Después de un extraño saludo, me platicó que se encontraba fantástico, que no sufría más y ya era feliz —al fin sin remordimientos—. Como si a mí me importara o no hubiera podido conciliar el sueño por eso; pero lo dejé hablar. Dijo también que los placeres fueron su yugo y la lascivia su perdición, pero que en su actuar llevó la condena: siempre se arrepintió de habernos abandonado, lo dejó claro reiteradas veces, pero a mitad del camino, cuando quiso volver atrás, ya era muy tarde; por vergüenza, no pudo y la vida ya no se lo permitió. Así continuó, confesándose varias horas conmigo, sin dejar de fumar.

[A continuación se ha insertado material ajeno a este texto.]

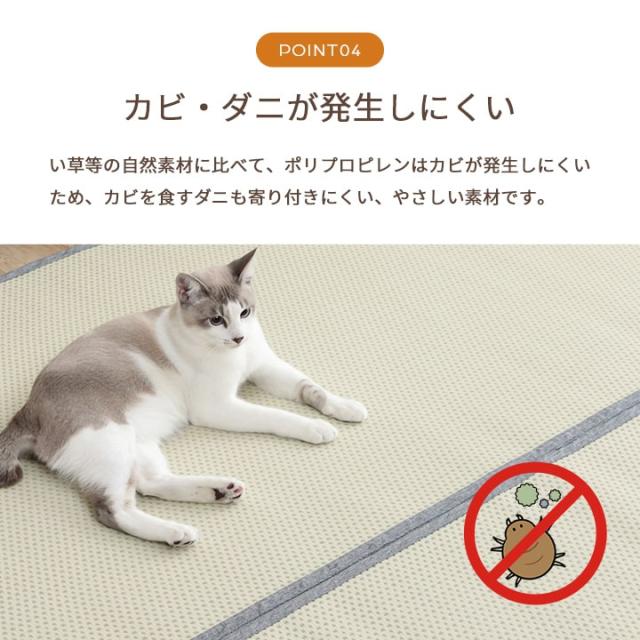 ミーサ (I) 洗える ござ 日本製 国産 引っ敷き リヴァーシブル 思わしい 除菌吹きつける相応う 敷詰 引っ敷き 床材 愛玩動物 日本の首都間2畳（約174×174糎）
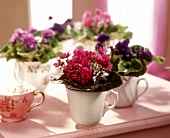 Light and dark purple African violets planted in cups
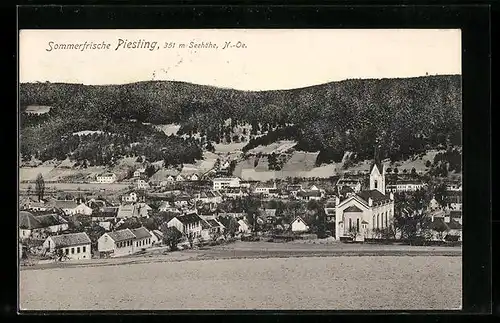 AK Piesting, Blick über die Wiese auf den Ort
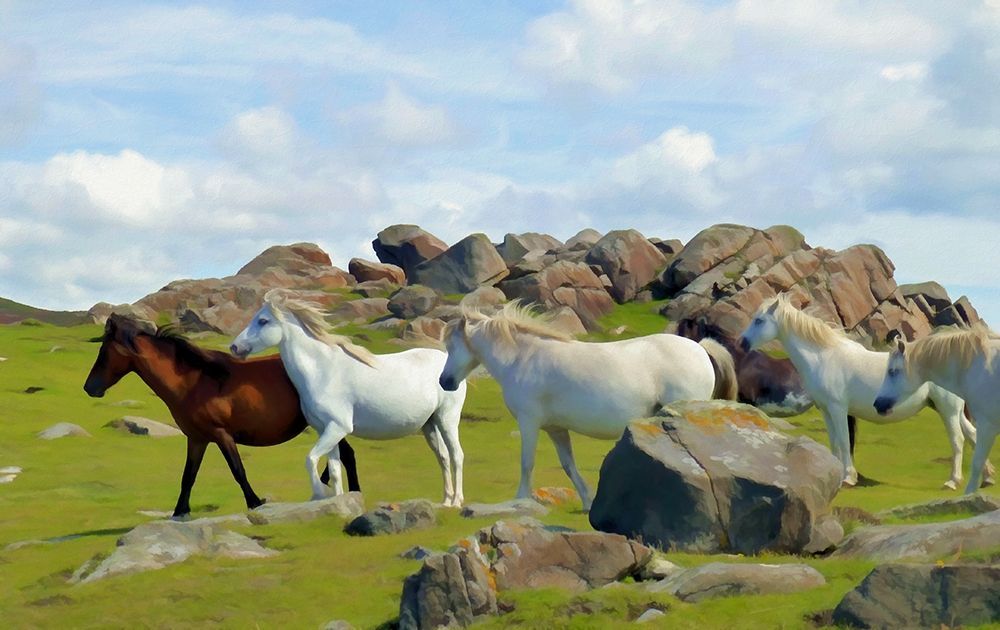 Wild Horses II art print by Ronald Bolokofsky for $57.95 CAD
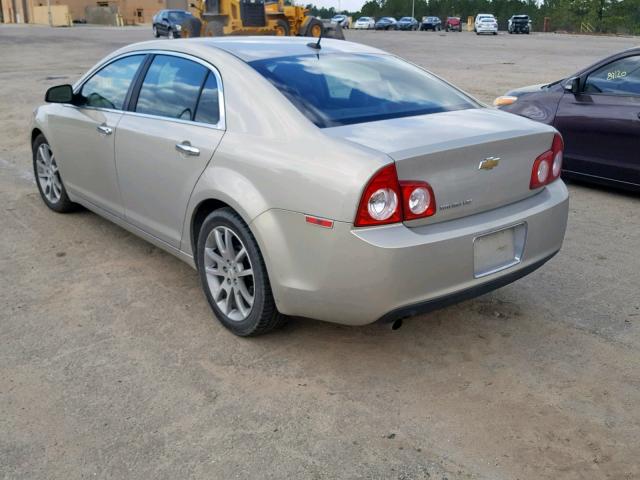 1G1ZE5EB3AF250033 - 2010 CHEVROLET MALIBU LTZ ბეჟი ფოტო 3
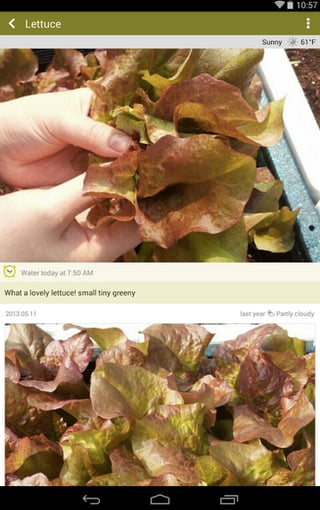 screen-shot-2015-04-21-at-9-44-44-am.png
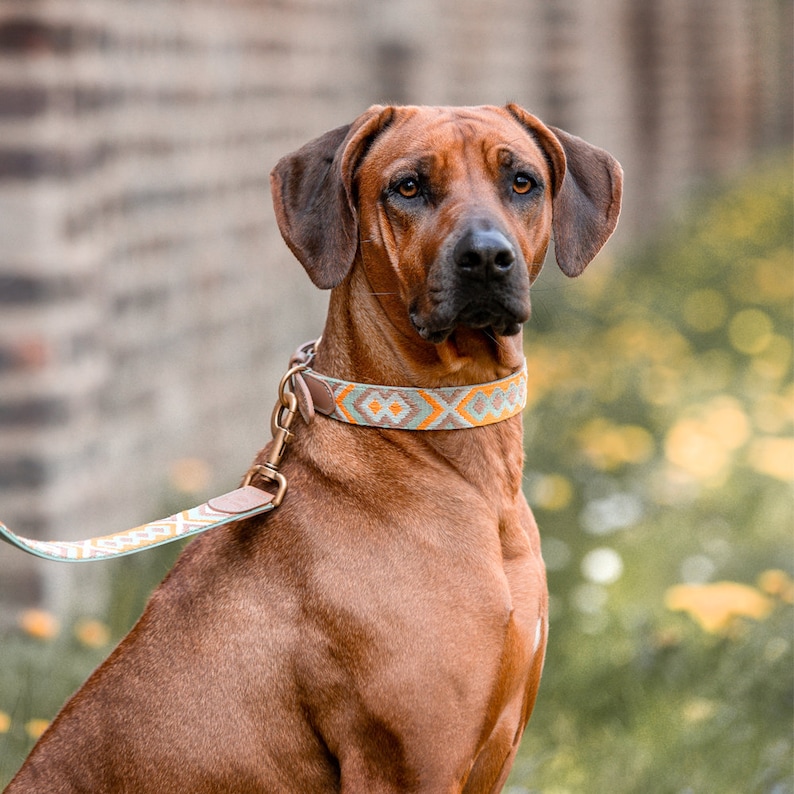 Premium dog collar Très Chic mint/orange image 1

Admitió que en vida fue un esclavo del deseo, era inevitable dejarse envolver por la pasión, le encantaba la voluptuosidad y sus apetitos no encontraban dique, fundirse en otros seres era su manera de comprender el cosmos. Mientras más cuerpos fueran, más lejos llegaba su conocimiento en torno a los misterios del universo, era magia y él necesitaba del embeleso constante que le prodigaban esos enlaces vitales. Más allá de las caricias, de las socorridas detonaciones sensuales, no había nada que anhelar.
—La piel es increíble —agregó—, después de que la mimas, te gobierna. Por más que intentes soterrarla, se rebela, hasta hacerte caer nuevamente en la vorágine de la sensualidad, de la sedición hedonista.
Extrañamente, estuve de acuerdo con él y pude comprender un poco su manera de actuar, por fin nos ligaba la concordia. Un rato después, no supe en qué momento, me pasa el brazo por los hombros y me ofrece uno de sus cigarrillos, nos sentamos a fumar en silencio, mirando ambos hacia la distancia, en direcciones distintas.[1]
Desperté de improviso, aún tenía el sabor a tabaco y una sensación amarga en mi boca; podía sentir el calor y el peso de su brazo en mi hombro, además de un lúgubre mensaje que retumbaba y daba vueltas en mi cabeza: «No quise abandonarte, no pude regresar, ya no me fue posible. Fui un cautivo de la lujuria; lo sabrás cuando mi herencia comience a revelarse en ti». Azorada, di un salto de la cama, miré a mi nuevo amante, que aún yacía desnudo, seductor. Sin esbozar palabras, tomé mis ropas, me vestí apresuradamente y salí corriendo a buscar a mi esposo, a quien de nueva cuenta había dejado al cuidado de los niños.
[1] Fragmento del cuento «El manuscrito de Sabas», de Juan Fernando Merino, publicado en Luvina 98 (primavera de 2020).